WHAT IS BEING ASKED:
Go through the listing below from its first line and repeat each line exactly, ending at the line containing "Leather Midcentury Set" and including it.

== Segment start ==

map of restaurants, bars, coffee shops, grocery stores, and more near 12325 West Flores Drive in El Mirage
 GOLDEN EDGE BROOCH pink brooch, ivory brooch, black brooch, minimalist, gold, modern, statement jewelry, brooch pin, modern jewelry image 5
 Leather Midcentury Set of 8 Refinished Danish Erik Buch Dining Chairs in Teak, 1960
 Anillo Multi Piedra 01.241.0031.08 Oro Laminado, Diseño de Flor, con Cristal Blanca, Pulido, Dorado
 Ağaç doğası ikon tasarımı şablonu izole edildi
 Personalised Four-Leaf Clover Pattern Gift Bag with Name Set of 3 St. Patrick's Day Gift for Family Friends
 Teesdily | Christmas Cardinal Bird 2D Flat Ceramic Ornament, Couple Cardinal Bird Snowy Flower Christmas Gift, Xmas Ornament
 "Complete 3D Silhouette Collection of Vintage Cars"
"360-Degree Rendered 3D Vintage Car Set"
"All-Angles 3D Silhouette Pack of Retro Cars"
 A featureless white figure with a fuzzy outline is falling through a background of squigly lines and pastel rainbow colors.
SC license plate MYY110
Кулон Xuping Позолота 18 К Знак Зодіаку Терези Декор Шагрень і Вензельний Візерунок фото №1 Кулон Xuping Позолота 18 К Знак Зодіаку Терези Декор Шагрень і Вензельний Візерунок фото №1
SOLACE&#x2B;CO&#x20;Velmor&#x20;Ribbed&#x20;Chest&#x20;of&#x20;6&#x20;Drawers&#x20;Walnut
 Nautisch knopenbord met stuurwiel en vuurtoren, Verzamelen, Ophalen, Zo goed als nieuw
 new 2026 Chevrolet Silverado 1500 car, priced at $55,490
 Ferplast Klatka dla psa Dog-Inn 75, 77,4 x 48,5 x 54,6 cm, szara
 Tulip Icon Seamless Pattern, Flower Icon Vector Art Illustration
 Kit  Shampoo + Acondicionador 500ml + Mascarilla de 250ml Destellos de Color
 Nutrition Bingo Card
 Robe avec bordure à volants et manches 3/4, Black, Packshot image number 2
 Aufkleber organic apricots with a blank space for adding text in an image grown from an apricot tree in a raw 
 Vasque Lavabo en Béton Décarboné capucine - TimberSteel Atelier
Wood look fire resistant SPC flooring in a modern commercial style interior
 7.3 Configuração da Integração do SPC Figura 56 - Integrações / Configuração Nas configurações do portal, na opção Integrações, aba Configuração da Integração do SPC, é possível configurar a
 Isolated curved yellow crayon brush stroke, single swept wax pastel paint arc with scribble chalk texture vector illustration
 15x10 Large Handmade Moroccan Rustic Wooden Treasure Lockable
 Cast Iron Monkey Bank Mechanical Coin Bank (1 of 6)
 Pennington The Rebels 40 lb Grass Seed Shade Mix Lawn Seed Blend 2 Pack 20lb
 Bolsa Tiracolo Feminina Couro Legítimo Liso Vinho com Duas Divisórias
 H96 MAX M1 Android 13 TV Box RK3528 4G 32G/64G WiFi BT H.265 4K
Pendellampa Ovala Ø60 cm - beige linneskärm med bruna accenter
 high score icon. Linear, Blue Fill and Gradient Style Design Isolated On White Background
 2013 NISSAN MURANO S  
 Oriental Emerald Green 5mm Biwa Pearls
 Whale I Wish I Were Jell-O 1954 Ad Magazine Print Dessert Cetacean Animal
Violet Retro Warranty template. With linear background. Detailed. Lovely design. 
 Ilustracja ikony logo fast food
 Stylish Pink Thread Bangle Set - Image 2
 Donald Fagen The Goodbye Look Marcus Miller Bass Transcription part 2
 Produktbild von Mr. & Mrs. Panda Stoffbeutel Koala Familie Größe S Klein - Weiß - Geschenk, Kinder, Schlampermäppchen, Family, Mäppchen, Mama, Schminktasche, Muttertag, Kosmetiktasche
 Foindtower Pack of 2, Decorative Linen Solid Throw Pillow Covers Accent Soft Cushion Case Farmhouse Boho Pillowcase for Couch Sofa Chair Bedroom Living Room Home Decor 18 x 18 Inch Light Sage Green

== Segment end ==

ANSWER TO THE EXERCISE:
map of restaurants, bars, coffee shops, grocery stores, and more near 12325 West Flores Drive in El Mirage
 GOLDEN EDGE BROOCH pink brooch, ivory brooch, black brooch, minimalist, gold, modern, statement jewelry, brooch pin, modern jewelry image 5
 Leather Midcentury Set of 8 Refinished Danish Erik Buch Dining Chairs in Teak, 1960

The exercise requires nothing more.